Give it a chance; the things that make a PhD a good experience are often not the topic or your ability; but the lab/group environment and relationship with supervision. These are impossible to guess at until you start.
posted
18-Jul-20, 14:35
edited about 5 seconds later
Avatar for Tudor_Queen
posted about 3 weeks ago
And I would add that based on whatever information they have about you, they obviously think you're capable of learning the techniques. Funding is very competitive, especially at some universities. They wouldn't award funding to a candidate they thought wasn't up to it. Congrats by the way :)
posted
20-Jul-20, 06:09
edited about 4 minutes later
Avatar for wing92518
posted about 3 weeks ago
You can try it to see if you are capable of getting a PhD.
Basically, you learn everything on your own. Professors can provide guidance and the question of whether you will be able to get a PhD depends on your ability only.
posted
20-Jul-20, 16:39
Avatar for Tudor_Queen
posted about 3 weeks ago
Also, have you done a masters before, or an undergraduate research project? It is very much like that, only all your time is spent on the research rather than it just being one module or component.
posted
21-Jul-20, 22:04
by rewt
Avatar for rewt
posted about 2 weeks ago
Quote From Cella:
So I’ve been offered a PhD position at a great university and fully funded, but I’m starting to worry that I won’t be able to cope with it. The techniques that will be involved are something I haven’t done before so I don’t really know if I’ll enjoy them or be able to do them? How much support and training did people get at the start?

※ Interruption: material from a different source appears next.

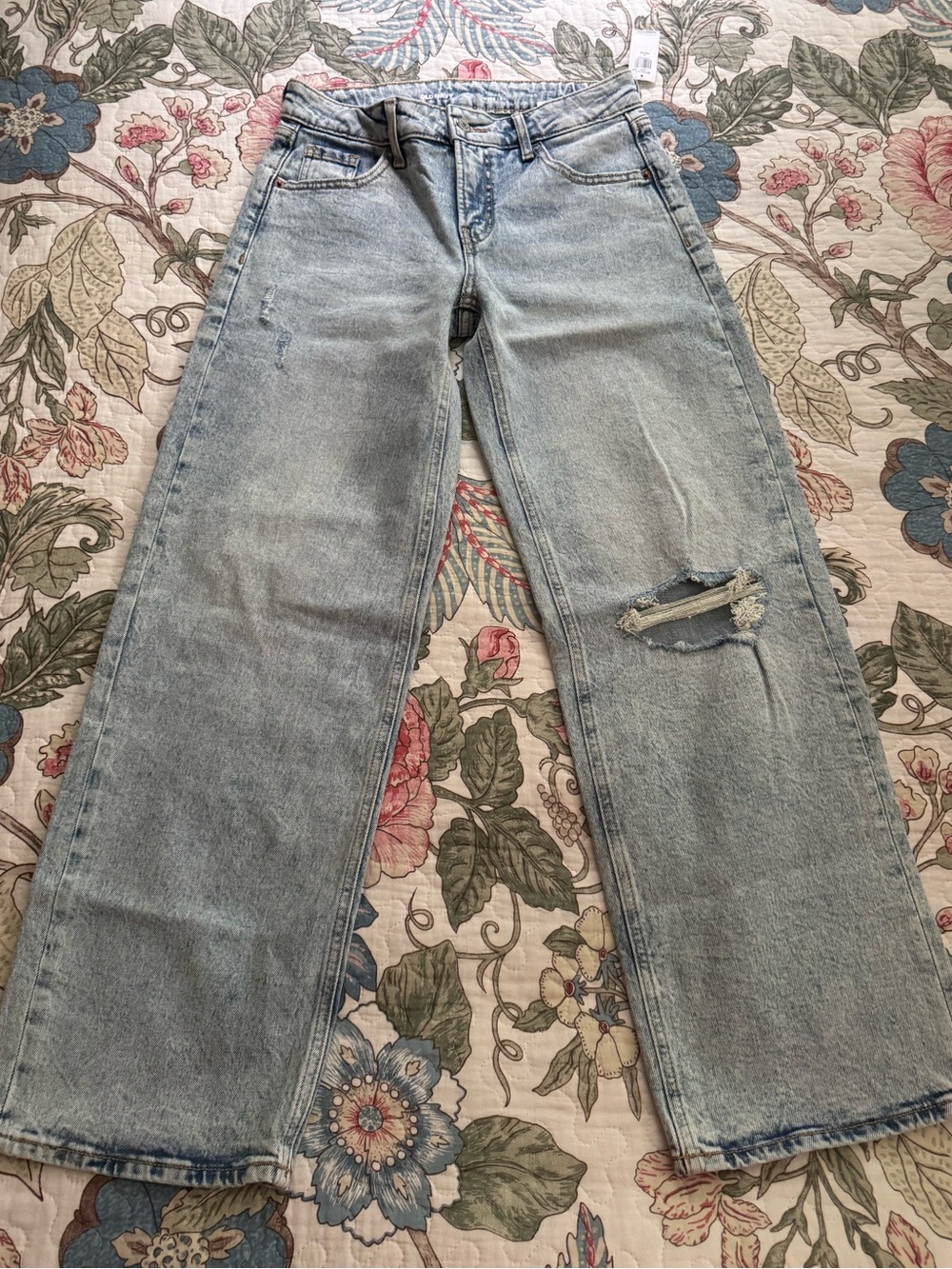 Old Navy Light Wash Wide Leg Jeans NWT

I’m worried I’ve only accepted it because I can’t find a job and I know it’ll help with a career further down the line, is this a terrible idea?


I don't know what field you are in but I would hazard to say that most PhD students do not know the required techniques beforehand. Some people may be lucky and already know it but the vast majority of students need to learn techniques. So don't worry about not knowing the techniques already, everyone else is/was in the same situation. You will learn most relevant methods through trial and error, where you learn what you need as you go.